Type-B Materialist Semantics (Again)
Brandt Van der Gaast points out that Michael McDermott proposes something like the semantics I sketched on behalf of type-B materialism in his "The Narrow Semantics of Proper Names" (Mind 1988). That's true. But I think McDermott is almost silent on the matter crucial to type-B materialism, and there is no acceptable way to fill the silence without spoiling type-B materialism.
McDermott defends a kind of global descriptivism modulo experiential ('input') concepts and 'output' concepts. (The latter are presumably concepts in terms of which decisions to act are represented, but he doesn't say much about them.) The idea is that all other terms get their meaning in Ramsey-Lewis manner from their place in total theory.

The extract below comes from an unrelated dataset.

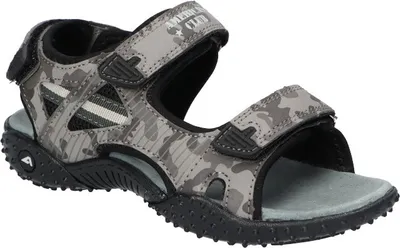 Produktbild von AMERICAN CLUB HL164 Solide KinderSandalen, Naturleder Innensohle, Klett Sandalen, Sportsandalen, Grau 34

The crucial question for type-B materialism then is how the input and output concepts get their meaning. Not by their place in theory, says McDermott. We identify sensations "directly", not via descriptions, he says.
Fine. Assume first my total theory is represented by certain physical tokens in my brain -- sentences in my language of thought. According to McDermott, "the only non-logical terms in [LOT] are names for kinds of in- and output" (p.236). So here is one of these names. Let's say it denotes a kind of red sensation. But why? What makes it the case that it denotes a red sensation rather than a blue sensation, or Gottlob Frege? Not because of theory, okay. But that can't be the end of the story. The only answer I can see is that the name stands in some physically describable relation to red sensations: probably a causal relation, perhaps even identity. But this won't help type-B materialism. For the type-B materialist claims that no amount of physical information can tell you what the name denotes.

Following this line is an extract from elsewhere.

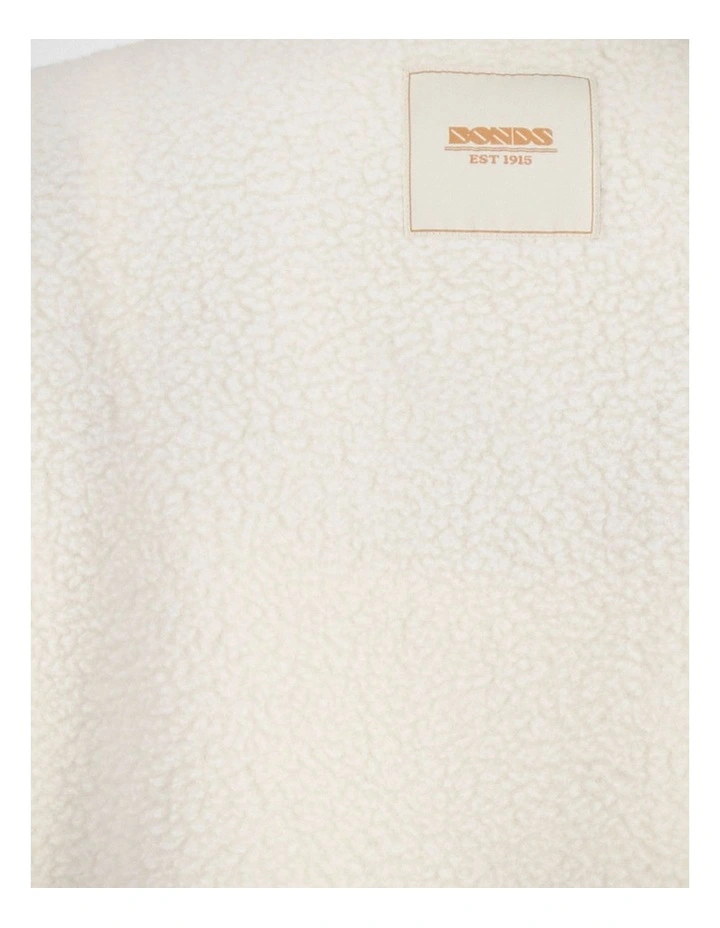 Teddy Fleece Jacket in Vanilla Bean image 5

Could he argue that even though the name gets its reference by means of a certain physical relation, this fact is itself not entailed by any physical information? That sounds just as incredible. Once we know that the name is systematically correlated with physical event (and candidate sensation) A but not with B, it doesn't make much sense to wonder whether it might nevertheless denote B rather than A.
As McDermott notes, it is more plausible to avoid any talk about LOT and instead construe the content of someone's beliefs as whatever makes best sense of his behaviour by the light of ideal psychology. McDermott also claims that belief ascriptions in ideal psychology must be framed in a special, "narrow" vocabulary whose only non-logical components are, again, names for sensations and outputs. But we can't just introduce new names, say "Fred", "Paul", "Jones", etc. and hope that they somehow manage to attach to specific in- and outputs. Instead, ideal psychology has to use descriptions to pick out the in- and outputs, like "the sensation typically caused by visual confrontation with red objects". At this point the game is lost for type-B materialism. McDermott adds that such a characterisation is not part of the ascribed content: the content is somehow "de re" about the characterised sensation. But that doesn't save type-B materialism.

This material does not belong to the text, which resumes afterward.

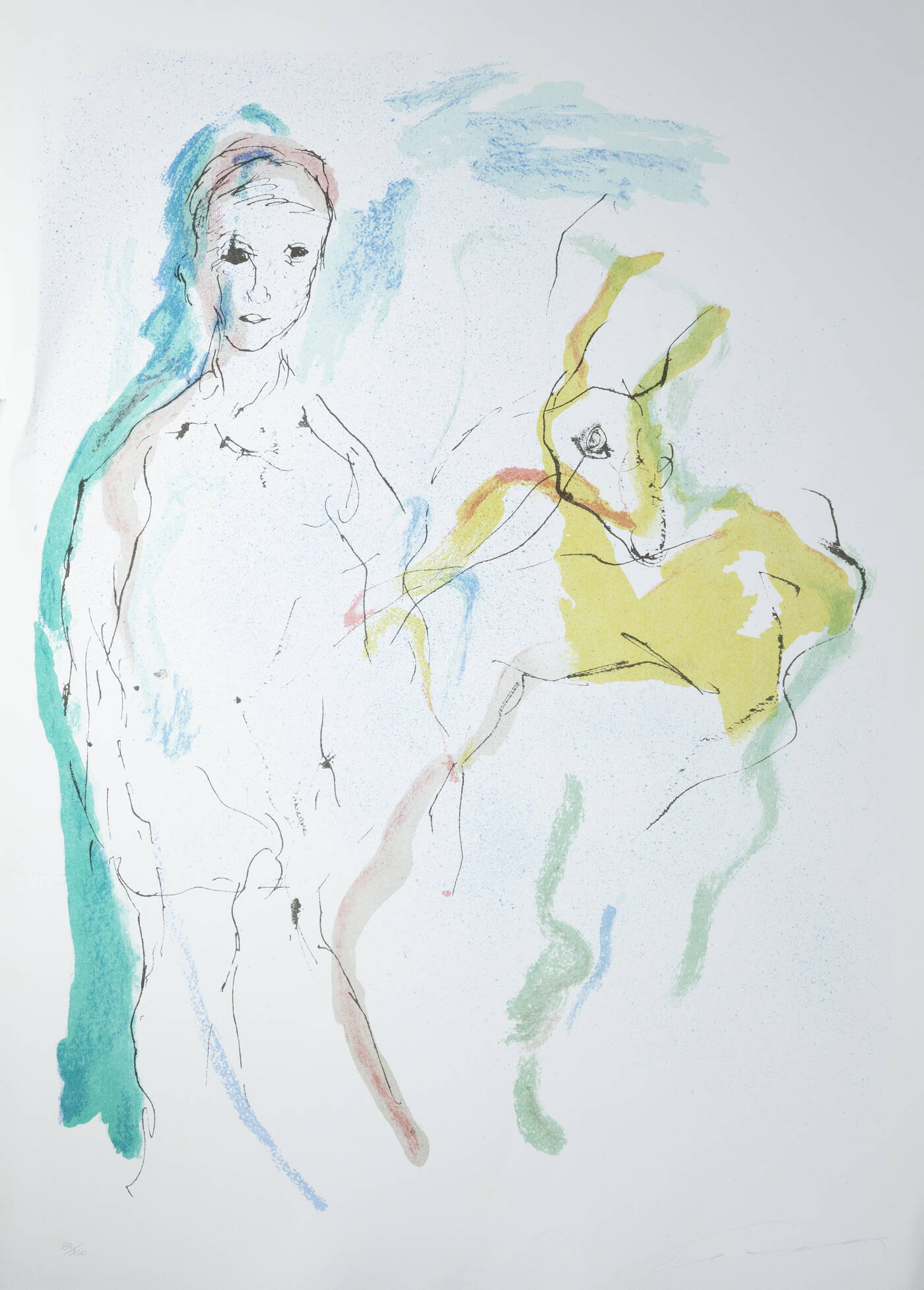 ERNESTO TRECCANI - 'Fanciulla e coniglio'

(By the way, even though I agree with McDermott that ideal psychology should be "narrow", I don't agree that therefore belief ascriptions must only contain narrow vocabulary. The content of a belief system is not the ascribed sentences. It's not sentences at all. At best it is what these sentences express: something like a distribution of credence over a set of centered worlds. Narrow vocabulary is not the only way to specify such a distribution. With some care, it can also be done in English.)
Compare Quine's holism, which closely resembles McDermott's: the primary unit of significance is total theory; the content of a theory is (determined by) the observation sentences that confirm or disconfirm it. How do the observation sentences get their content, the content in virtue of which they can confirm and disconfirm? Not via total theory. Quine says they "wear their meanings on their sleeves" (Word and Object, §10, p.42). This sounds like they somehow got their meaning "directly", by the kind of magic required for type-B materialism. But what Quine means is just that their content can be identified with their stimulus meaning. That is, observation sentences have their content in virtue of being suitably correlated with particular stimuli (in all relevant speakers). No hope for type-B materialism here either.
The best thing for the type-B materialist to say is that the phenomenal state stands in a relation of constitution to the representation of it. See "The Content and Epistemology of Phenomenal Belief" on my website (consc.net/papers/belief.html) for an account like this, on which phenomenal concepts are 1- and 2-constant and are constituted by instances of phenomenal properties. I'm not a type-B materialist, but the same sort of view is available to them (and has been embraced by a few, such as David Papineau and Ned Block).